El más reciente informe anual del programa de Naciones Unidas para el Desarrollo (PNUD), que hoy se difunde, constituye un severo y fundamentado cuestionamiento al modelo económico adoptado por casi todas las naciones latinoamericanas -la nuestra entre ellas-, a instancias de gobiernos de países desarrollados, organismos financieros internacionales, grupos empresariales locales y centros académicos estadunidenses.
En el documento se destaca la enorme desigualdad que caracteriza los términos de intercambio financiero y comercial establecidos a raíz de la globalización económica, así como el astronómico déficit que ha implicado, para los países en desarrollo, su inserción en el mercado mundial. Significativamente, las condiciones más inequitativas de las nuevas reglas del intercambio se registran en el sector agrícola, que en naciones como la nuestra está conformado por los sectores de la población particularmente marginados. Mientras que nosotros hemos acatado la consigna de la apertura indiscriminada de fronteras y la eliminación de los subsidios agrícolas, Estados Unidos, Europa Occidental y Japón mantienen barreras proteccionistas y subsidian a sus agricultores.
Ciertamente, los efectos perversos del modelo comentado no se limitan al comercio y al flujo financiero internacionales, sino que se traducen en evidentes retrocesos en las condiciones de vida de las poblaciones.
La estrategia en cuestión, llamada comúnmente neoliberalismo, puede sintetizarse, además de las ya señaladas apertura al exterior de los mercados internos y eliminación de subsidios, en los siguientes puntos: adelgazamiento del Estado, privatización generalizada de bienes públicos, estricto control monetario y políticas de austeridad orientadas a combatir la inflación, desregulación, recorte de programas sociales y reducción de los mecanismos de redistribución del ingreso en general, y trato privilegiado a los sectores financieros y comerciales por sobre los productivos.
A su vez, las consecuencias sociales más graves del modelo han sido un proceso acelerado y brutal de concentración de la riqueza, el incremento de las desigualdades, la marginación de grandes grupos de población de la economía activa, la contracción y depresión de los mercados internos, el desmantelamiento de miles de empresas e industrias y el consiguiente crecimiento del desempleo y del denominado sector informal.

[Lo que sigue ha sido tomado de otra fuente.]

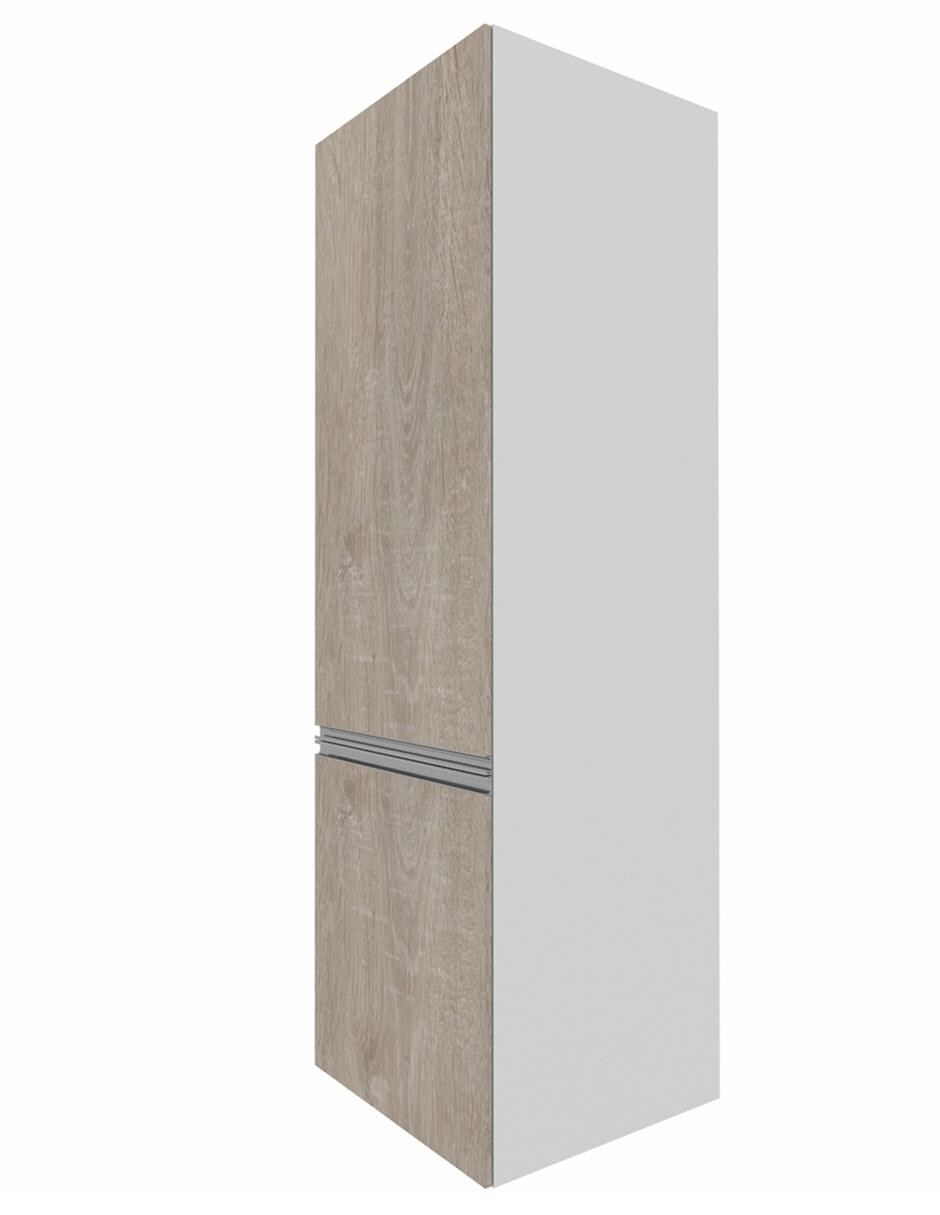 Locker armable 2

Todas estas condiciones se aplican a nuestro país, en donde, con diversos acentos y matices, la política económica ha venido conformándose, durante los últimos tres lustros, con base en los lineamientos señalados, y sin escuchar a las múltiples voces disidentes que, desde la academia, la oposición partidista, los medios, las organizaciones sociales, las instituciones religiosas, las comunidades indígenas en rebelión del sureste del país, e incluso desde el interior de la administración pública, han alertado sobre los gravísimos costos humanos de tal estrategia.
Por el contrario, hasta hace pocos años las autoridades celebraban la inminencia de nuestro arribo al Primer Mundo, y para confirmarlo gestionaron la entrada del país a la Organización de Cooperación y Desa- rrollo Económico (OCDE), que agrupa a dos docenas de naciones de gran desarrollo económico.
Sería pertinente, ahora, contrastar esa afiliación con el sitio número 50 que el informe del PNUD le otorga a México en el índice de desarrollo humano y reconocer la distancia entre las expectativas generadas por el neoliberalismo y las dolorosas realidades en que se ha traducido.
Finalmente, ha de señalarse que el informe del organismo internacional no agrega nada sustancial a lo mucho que se ha argumentado en México acerca de las miserias del modelo imperante; simplemente refuerza la solidez y la justeza de tales argumentos y constituye una señal de alerta adicional que debiera llevar a los responsables del manejo económico nacional a reconsiderar y reorientar las políticas en vigor.